The city of Detroit unquestionably faces major revitalization challenges:

“Now, a city of nearly 2 million in the 1950s has declined to less than half that number. On some blocks, only one or two occupied houses remain, surrounded by trash-strewn lots and vacant, burned-out homes. Scavengers have stripped anything of value from empty buildings. According to one recent estimate, Detroit has 33,500 empty houses and 91,000 vacant residential lots.

“Several other declining industrial cities, such as Youngstown, Ohio, have also accepted downsizing. Since 2005, Youngstown has been tearing down a few hundred houses a year. But Detroit’s plans dwarf that effort. The approximately 40 square miles of vacant property in Detroit is larger than the entire city of Youngstown.

“Faced with a $300 million budget deficit and a dwindling tax base, Bing argues that the city can’t continue to pay for police patrols, fire protection and other services for all areas.”

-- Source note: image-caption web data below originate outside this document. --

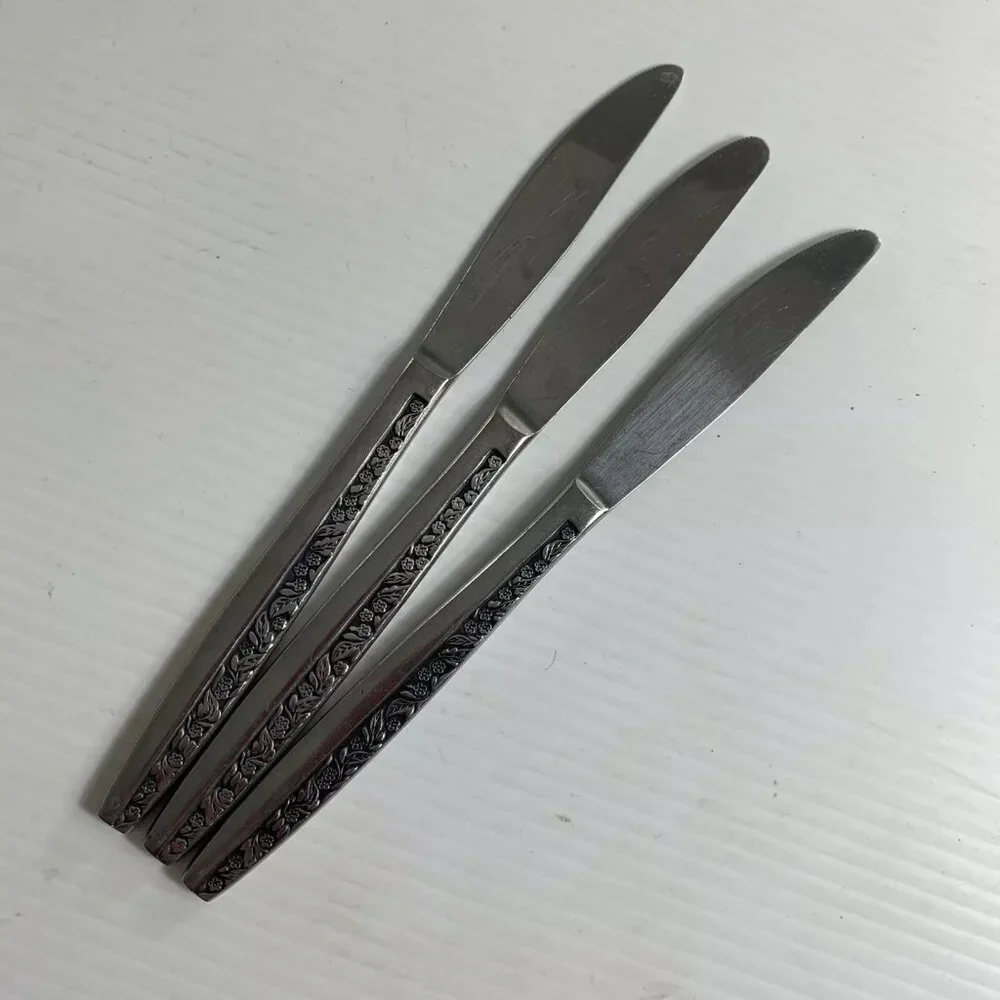 Vintage Coventry Bouquet Stainless Steel Lot of 3 Knives Flatware Japan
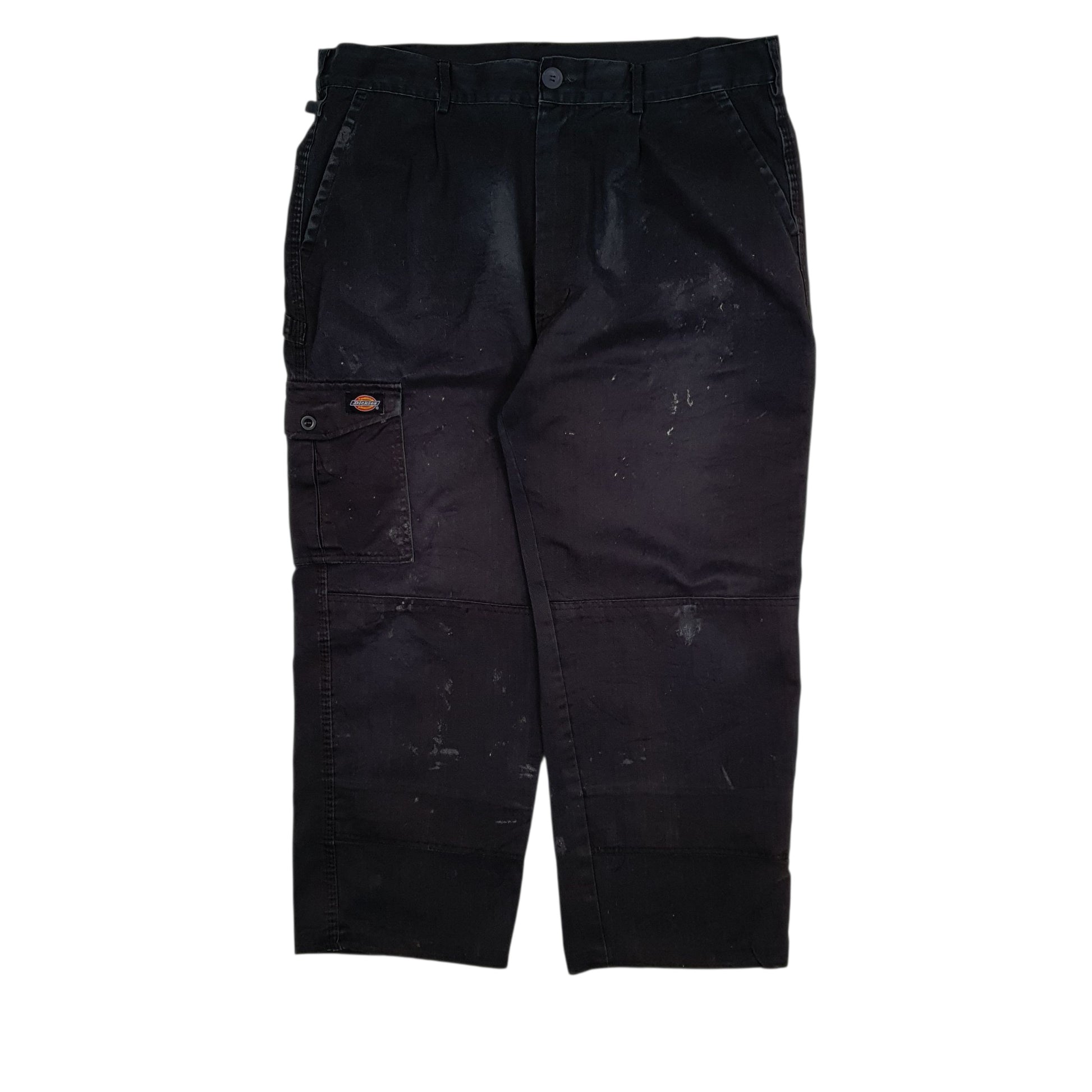 Mens Black Dickies Workwear Cargo Trousers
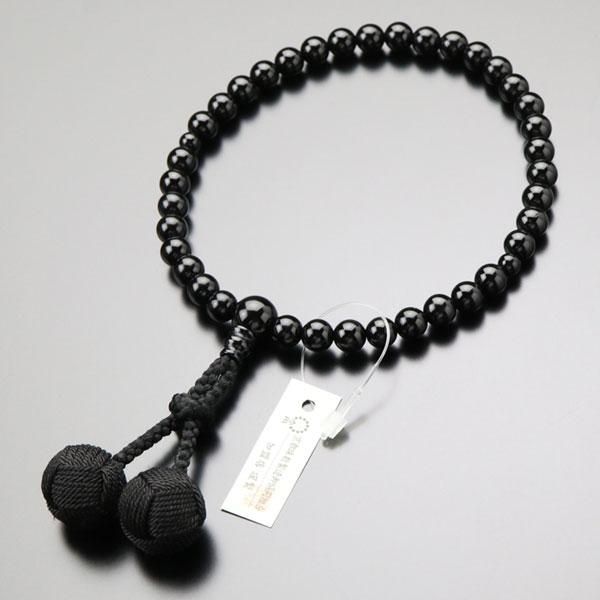 数珠 女性用 約7ミリ 黒オニキス 共仕立 梵天房（単色）2000200200390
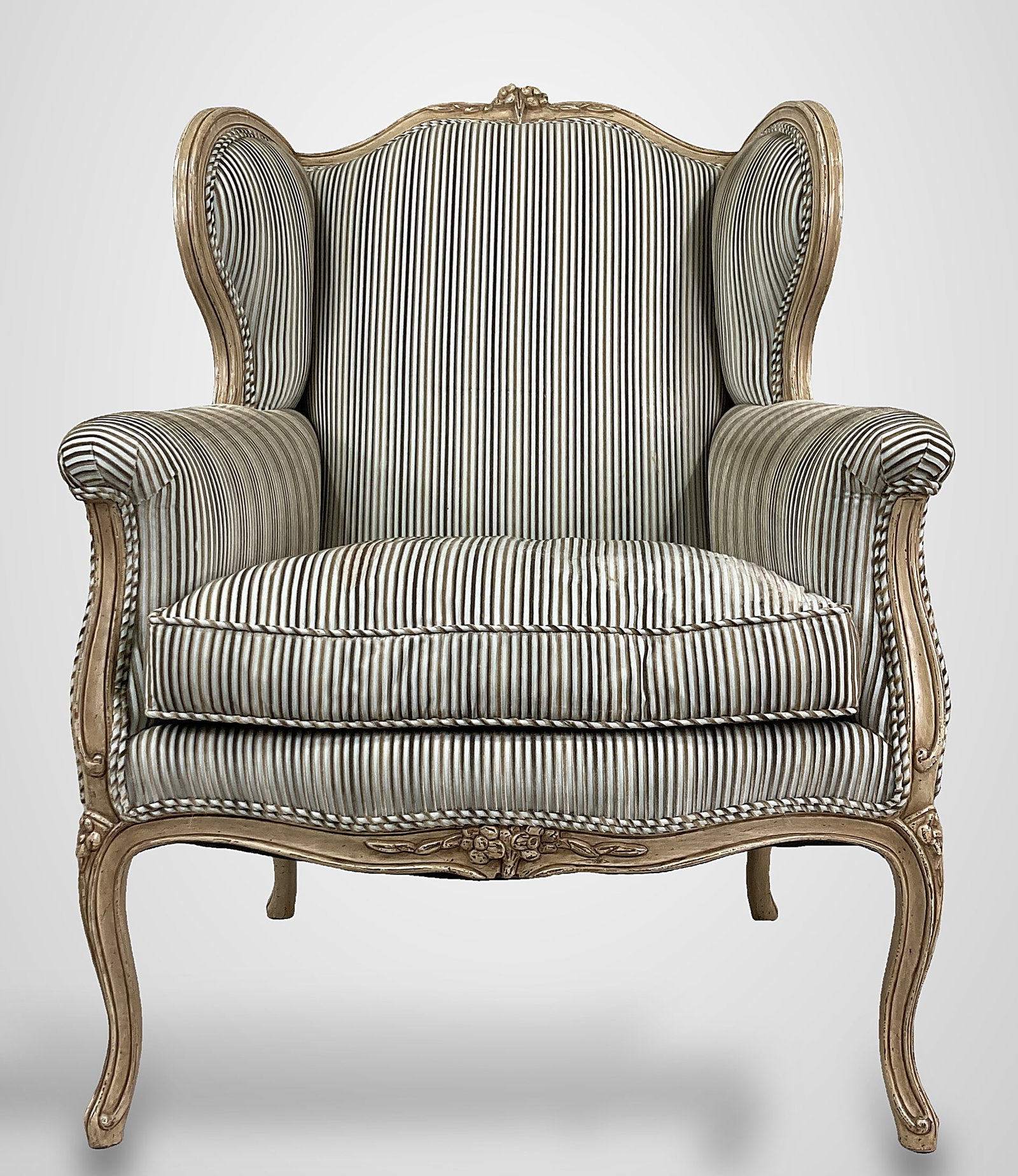 Pair Of Louis XV Style Bergere Wingback Chairs And Ottoman - 5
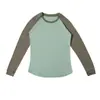 Ovelha Perdida Patchwork de Lã Merino Manga Longa Camiseta de Secagem Rápida Manga Raglan Feminina Camiseta de Secagem Rápida de Lã Merino
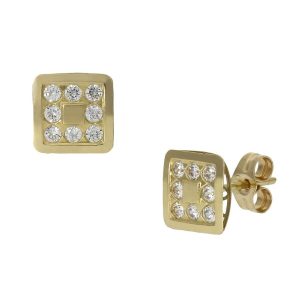 Pendientes oro 18kl cuadrados – 7x7mm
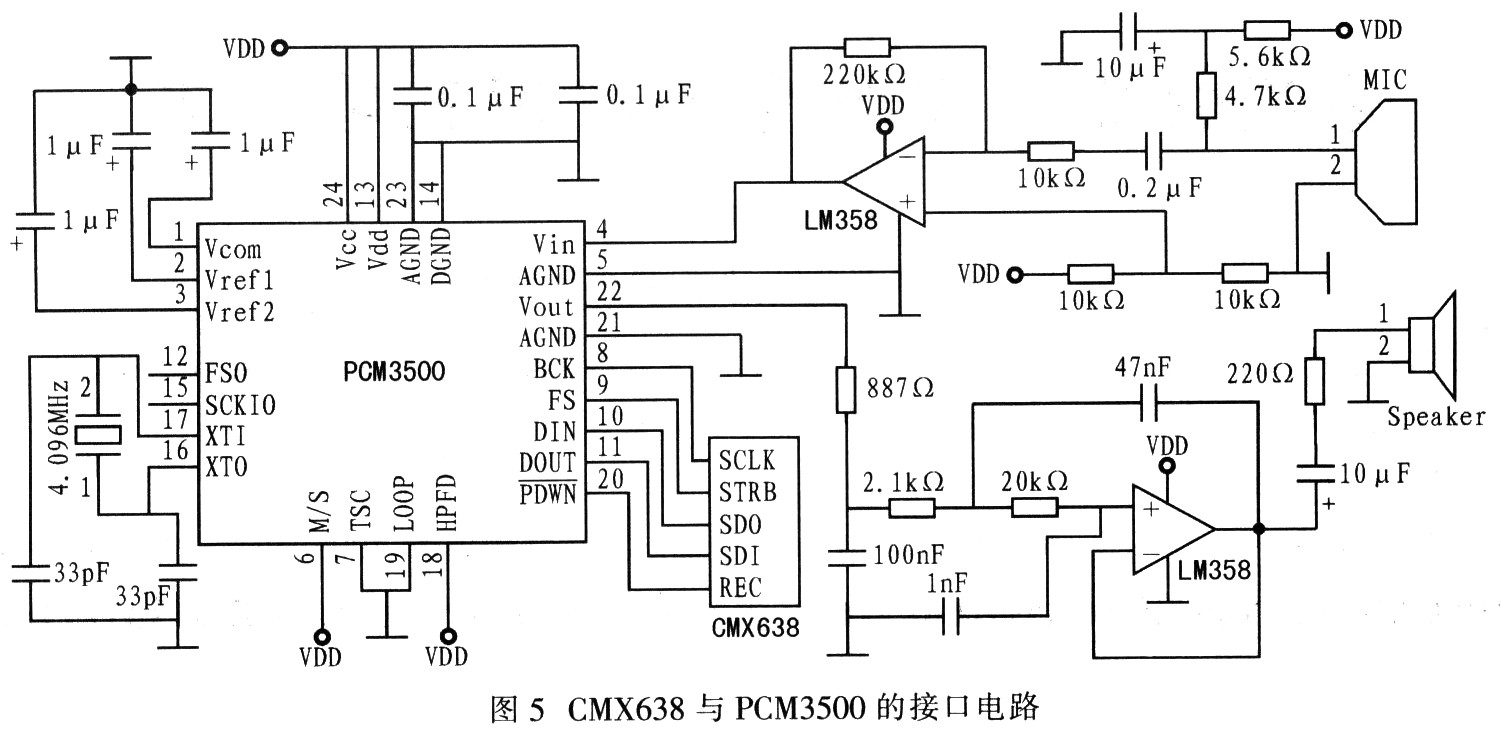 CMX638与PCM3500接口电路设计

And the federal government will be a key player. Detroit, one of the worst run cities in the nation, can’t “afford” to fund the program, so it’s looking to the Federal government for the funds to implement the plan:

“The current plan would demolish about 10,000 houses and empty buildings in three years and pump new investment into stronger neighborhoods. In the neighborhoods that would be cleared, the city would offer to relocate residents or buy them out. The city could use tax foreclosure to claim abandoned property and invoke eminent domain for those who refuse to leave, much as cities now do for freeway projects.

“The mayor has begun lobbying Washington for support, and last month Detroit was awarded $40.8 million for renewal work. The federally funded Detroit Housing Commission supports Bing’s plan.

“It takes a true partnership, because we don’t want to invest in a neighborhood that the city is not going to invest in,” said Eugene E. Jones, executive director of the commission.”

It’s both sad and unfortunate when urban “leadership” is lionized for restricting freedom and choice rather than finding creative ways to tap into individual (and neighborhood level) freedom, creativity, and innovation. But, this doesn’t fit the progressive idea that government solves problems instead of people working outside formal political channels.

Perhaps the solution is not more central planning, but more decentralized governance. The city could focus on using managed competition to de-bundle public services such as water, sewer, law enforcement, and even fire services so they can be scaled to the needs and willingness to pay for individual neighborhoods rather than attempting to provide services in a one-size fits all approach that can’t be sustained.

Detroit’s large geographic size could be an opportunity to experiment in decentralized urban governance that empowers neighborhoods rather than central planning that has historically shown little ability to reverse urban decline in Detroit or elsewhere.